Recently MV18a identified and initiated work on the new problem of understanding structural relationships between the lattices of solutions of two ``nearby'' instances of stable matching. They also gave an application of their work to finding a robust stable matching. However, the types of changes they allowed in going from instance $A$ to $B$ were very restricted, namely, any one agent executes an upward shift. In this paper, we allow any one agent to permute its preference list arbitrarily. Let $M_A$ and $M_B$ be the sets of stable matchings of the resulting pair of instances $A$ and $B$, and let $\mathcal{L}_A$ and $\mathcal{L}_B$ be the corresponding lattices of stable matchings. We prove that the matchings in $M_A \cap M_B$ form a sublattice of both $\mathcal{L}_A$ and $\mathcal{L}_B$ and those in $M_A \setminus M_B$ form a join semi-sublattice of $\mathcal{L}_A$. These properties enable us to obtain a polynomial time algorithm for not only finding a stable matching in $M_A \cap M_B$, but also for obtaining the partial order, as promised by Birkhoff's Representation Theorem, thereby enabling us to generate all matchings in this sublattice. Our algorithm also helps solve a version of the robust stable matching problem. We discuss another potential application, namely obtaining new insights into the incentive compatibility properties of the Gale-Shapley Deferred Acceptance Algorithm.

翻译：近期MV18a提出并初步研究了关于两个“相邻”稳定匹配实例的解格之间结构关系的新问题，同时展示了该工作在一类鲁棒稳定匹配求解中的应用。然而，他们在从实例A到B的转化过程中所允许的变更类型相当受限——仅限于任意代理执行向上移位。
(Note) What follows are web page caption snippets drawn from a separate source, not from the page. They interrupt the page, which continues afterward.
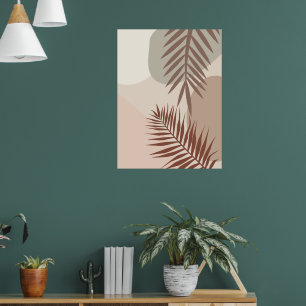 Palmenblätter, Boho abstrakte geometrische Kunst Poster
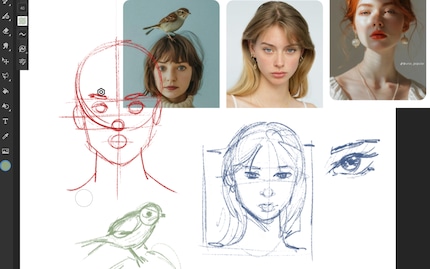 Quelques croquis rapides vous aideront à aborder ensuite le portrait proprement dit avec un peu plus de légèreté.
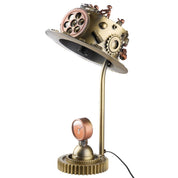 Steampunk hat silver metal table lamp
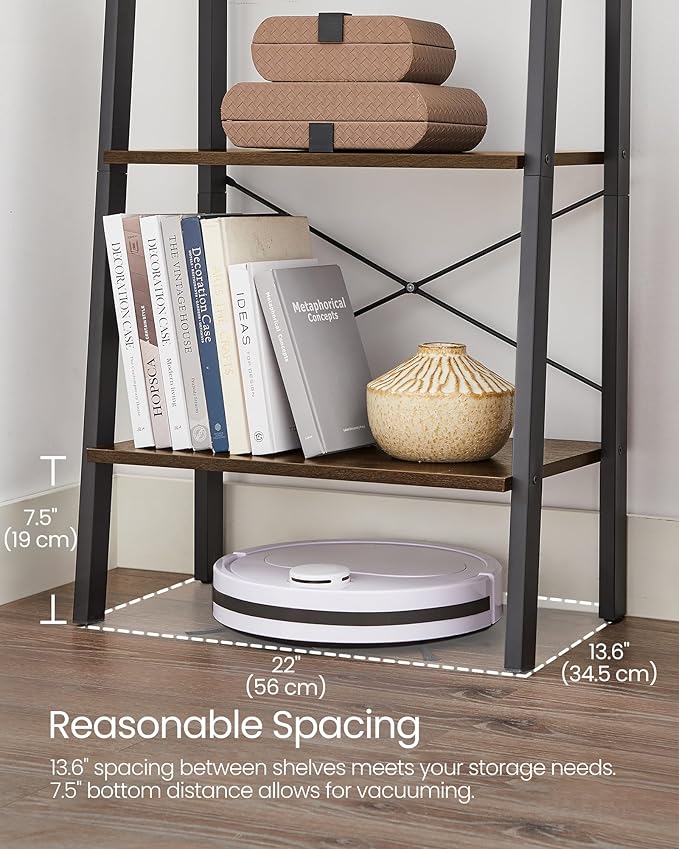 VASAGLE Ladder Shelf, 4-Tier Bookshelf, Storage Rack, Bookcase with Steel Frame, for Living Room, Home Office, Kitchen, Bedroom, Industrial Style, Hickory Brown and Ink Black ULLS44BF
本文允许任意代理任意排列其偏好列表。设M_A和M_B分别为实例对A与B的稳定匹配集合，L_A与L_B为相应的稳定匹配格。我们证明：M_A∩M_B中的匹配同时构成L_A与L_B的子格，而M_A\M_B中的匹配则构成L_A的并半子格。这些性质使我们能够获得多项式时间算法，不仅可用于寻找M_A∩B中的稳定匹配，还能依据Birkhoff表示定理获取偏序结构，进而生成该子格中的所有匹配。该算法同时有助于求解一类鲁棒稳定匹配问题。我们另探讨了另一潜在应用方向：即对Gale-Shapley延迟接受算法的激励相容性质提供新见解。